Monday, January 25, 2021

You don’t ‘lack faith’ when your prayers aren’t answered


What happens when the Bible tells you that you’ll get peace that surpasses your understanding when you pray, but when you pray you don’t get that peace — or it doesn’t last?

We can think it’s our lack of faith.  People have certainly said and thought that.  Worse, we’ve been led to believe it.

But what about the person who is racked with anxiety for grief or they have an anxiety disorder or there is anxiety for some other unknown reason?  Do they ‘lack faith’ if God doesn’t answer their prayer for that peace?

NO!  No, no, no.  Arguably, as they endure, it’s the opposite.

Prayer doesn’t work by our clicking our fingers to get the job done.

God’s providence doesn’t work like that.  We don’t wish it, then fish it.

Prosperity doctrine is one of the real weaknesses of a ‘name-it, claim-it’ theology these entitled days.  It’s peddled by those who promise that all dreams come true; that, if you only PRAY enough and WISH enough and DO enough, you, through your will, can turn the will of God in your favour.  It’s a nice idea.  It makes us feel all-powerful to believe it.

But what about when it doesn’t work?  When the prayer, the miracle you hope for, isn’t answered the way you hope?

Before you answer, consider how many prayers aren’t answered.

Consider before you answer that there’s at least one prayer of the apostle Paul’s that wasn’t answered.

2 Corinthians 12:8-10 details Paul’s prayer: “Three times I pleaded with the Lord to take [the thorn in my flesh] away from me.  But God said to me, ‘My grace is sufficient for you, for my power is made perfect in weakness.’  Therefore I will boast all the more gladly about my weaknesses, so that Christ’s power may rest on me.  That is why, for Christ’s sake, I delight in weaknesses, in insults, in hardships, in persecutions, in difficulties.  For when I am weak, then I am strong.”

God said no.  Yes, that’s right.  In God saying no, God was saying, “I’ve got something better for you, Paul... you don’t know what you’re praying for... I’ll give you something that will help you become more like my Son... the ability to ‘delight in weaknesses...’.”

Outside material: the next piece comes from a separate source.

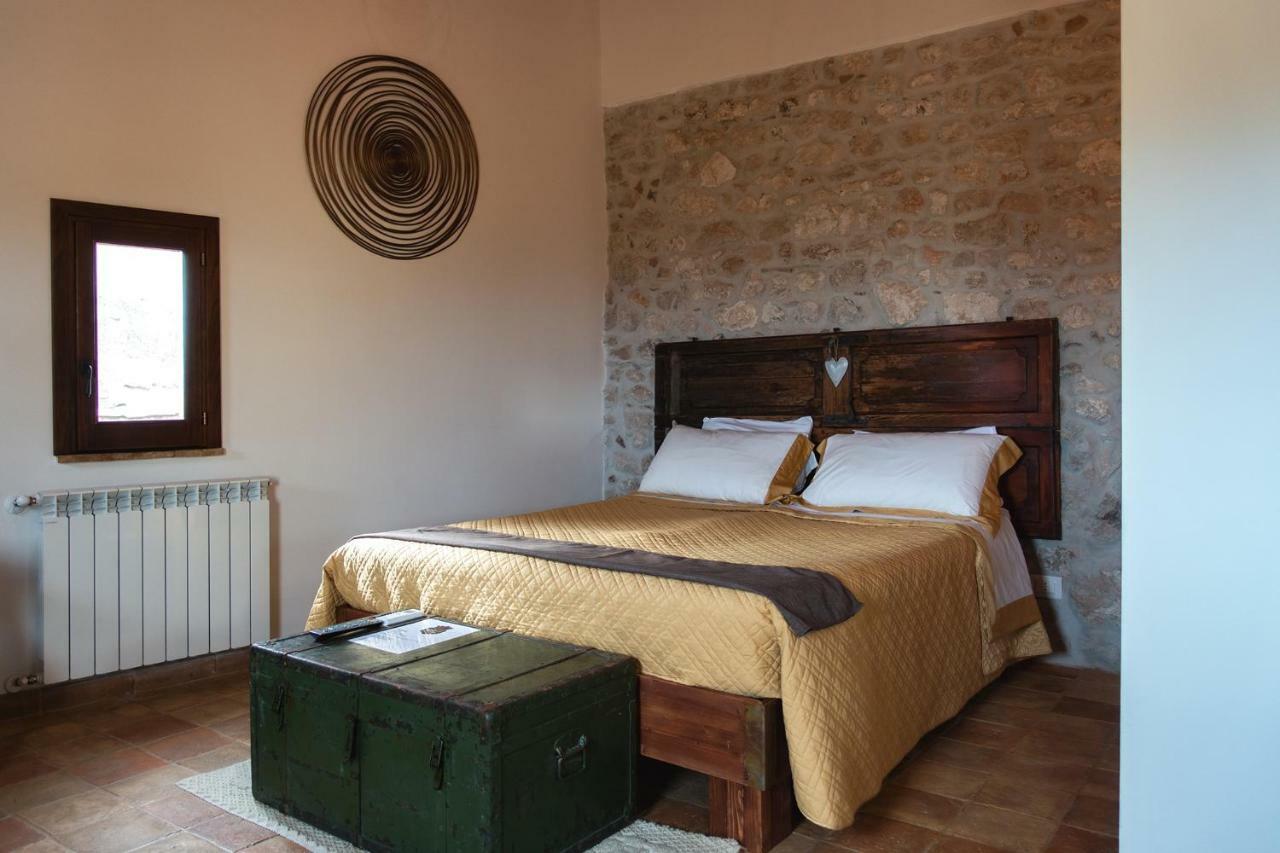 Aurora Medieval House Sermoneta Eksteriør billede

It’s not exactly a palatable answer, is it?  It won’t get people in mega-churches cheering in their seats, yelling out, “Amen!!  Preach!!”  It’s not going to sell books in this buy-now-pay-later culture.

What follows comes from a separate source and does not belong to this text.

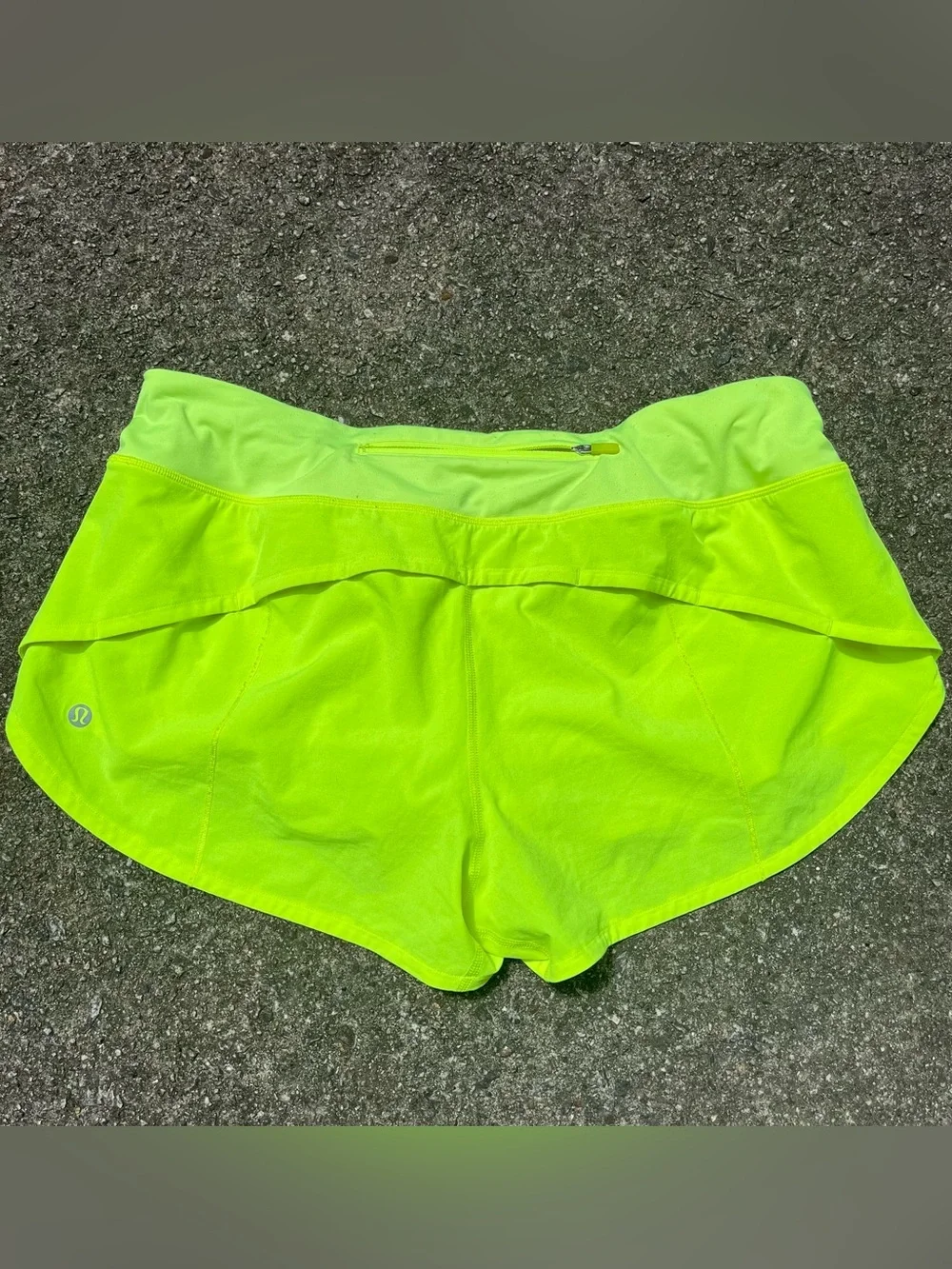 Lululemon speed up shorts low rise 2.5” inseam women’s 10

The theory of being able to twist God’s arm is rooted in the privilege of a gospel that works for us, where everything’s about ‘God moving’ for our success, image, ‘favour’, and what we feel — in our humanity — is right.  Sorry, but God doesn’t work like that.

God’s got something better.  Rather than offer us something that wouldn’t grow us one iota, God’s got something infinitely better.

God wants to say something powerful to everyone, especially to those who do not conquer every time they click their fingers — which is every single one of us when we’re honest.

By doing this, God’s levelling the playing field.  Those who pedal the success gospel, those who love to show how successful they are, are eventually brought low.

Go get a Bible.  Open up to the book of Daniel.  Chapter three.  Verses 16-18 herald the kind of faith God is calling us to — a faith that simply relies on our obedience that leaves the results in God’s hands.  A faith that refuses to attempt to manipulate God for our convenience — as if that doesn’t sound absurd.

Facing that fiery furnace, the three Hebrew men, Shadrach, Meshach and Abednego all fully expected that God could/might deliver them.  But in the same sentence, they accepted that “even if he doesn’t save us, we won’t change our minds.”

Believing God answers every prayer the way we desire is not only a bad theology, but it also represents an immature faith where the hope will end up disappointed.  The opposite is praying and accepting whatever God’s response is, even to the extent that we might believe that God’s got growth in mind for us.